The promise of the multi-polar, pluralistic world that we live in today is that each of us as global citizens can create our own world view from amongst a range of historically divergent sources, cultural traditions and individual thinkers. In such a world, the potential of any contemporary artist is not so much the originality or individuality of his or her artistic expression but rather the depth, singularity and import of his or her contribution to this formative global dialog.
In this regard, Huang Zhiyang 黄致阳 is one of the most interesting contemporary artists working today. Born in Taiwan and raised within its traditional cultural milieu, Huang has set his artistic focus on excavating and expressing for contemporary international audiences the holistic and naturalistic moral cosmology of pre-modern Chinese philosophy, particularly that of Song dynasty (960-1279) neo-Confucianism also known as 道学 Daoxue (the study of "the Way") or 理学 Lixue (the study of "Order").
The world of the Song neo-Confucians is radically different from the mechanistic and dualistic world view of European Enlightenment thinkers, such as Galileo, Descartes, and Newton or from the transcendental metaphysics of much of Western religion and philosophy.

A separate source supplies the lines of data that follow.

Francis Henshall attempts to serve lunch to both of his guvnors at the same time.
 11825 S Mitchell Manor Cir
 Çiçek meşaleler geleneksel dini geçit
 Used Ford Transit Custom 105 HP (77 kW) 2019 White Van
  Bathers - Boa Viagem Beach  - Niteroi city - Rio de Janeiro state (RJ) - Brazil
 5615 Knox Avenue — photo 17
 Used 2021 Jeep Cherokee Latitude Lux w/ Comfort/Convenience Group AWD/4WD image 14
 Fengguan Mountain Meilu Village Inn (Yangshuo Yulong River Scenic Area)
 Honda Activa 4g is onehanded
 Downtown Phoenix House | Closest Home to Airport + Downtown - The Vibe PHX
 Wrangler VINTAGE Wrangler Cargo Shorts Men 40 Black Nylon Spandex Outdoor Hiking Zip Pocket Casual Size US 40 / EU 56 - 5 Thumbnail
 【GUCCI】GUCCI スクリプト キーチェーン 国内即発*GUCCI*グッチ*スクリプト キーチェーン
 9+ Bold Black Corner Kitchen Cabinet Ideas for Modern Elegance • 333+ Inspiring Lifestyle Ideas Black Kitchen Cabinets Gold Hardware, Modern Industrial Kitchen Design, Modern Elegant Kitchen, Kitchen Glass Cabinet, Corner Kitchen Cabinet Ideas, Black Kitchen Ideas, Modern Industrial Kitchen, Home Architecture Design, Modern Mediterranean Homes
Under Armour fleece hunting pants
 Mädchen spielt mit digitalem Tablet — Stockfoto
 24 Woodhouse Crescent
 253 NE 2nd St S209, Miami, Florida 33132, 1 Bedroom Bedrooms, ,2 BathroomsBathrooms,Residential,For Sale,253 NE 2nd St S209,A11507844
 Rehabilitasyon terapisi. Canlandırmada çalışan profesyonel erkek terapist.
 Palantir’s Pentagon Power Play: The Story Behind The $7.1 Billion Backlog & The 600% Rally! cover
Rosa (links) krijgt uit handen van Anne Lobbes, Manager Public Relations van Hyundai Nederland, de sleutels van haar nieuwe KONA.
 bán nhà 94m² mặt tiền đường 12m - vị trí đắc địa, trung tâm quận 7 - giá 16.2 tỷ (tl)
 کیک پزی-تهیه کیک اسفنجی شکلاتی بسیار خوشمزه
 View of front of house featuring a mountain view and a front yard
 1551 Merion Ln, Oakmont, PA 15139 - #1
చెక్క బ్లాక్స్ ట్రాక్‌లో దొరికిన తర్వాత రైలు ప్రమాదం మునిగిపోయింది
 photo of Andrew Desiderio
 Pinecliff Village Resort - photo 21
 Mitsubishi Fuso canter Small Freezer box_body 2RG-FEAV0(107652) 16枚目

On the other hand, because Chinese philosophy, in general, tends towards the pragmatic and Song Daoxue, in particular, derives from empirical observation ("the investigation of things" 格物 gewu), this pre-modern Chinese world view is largely consistent with our modern scientific views of reality — the emergent world of energy physics, non-linear dynamics, chaos and complexity theory, pre-biotic evolution, metabolic chemistry, microbiology, evolutionary biology, deep ecology, neurology and phenomenology.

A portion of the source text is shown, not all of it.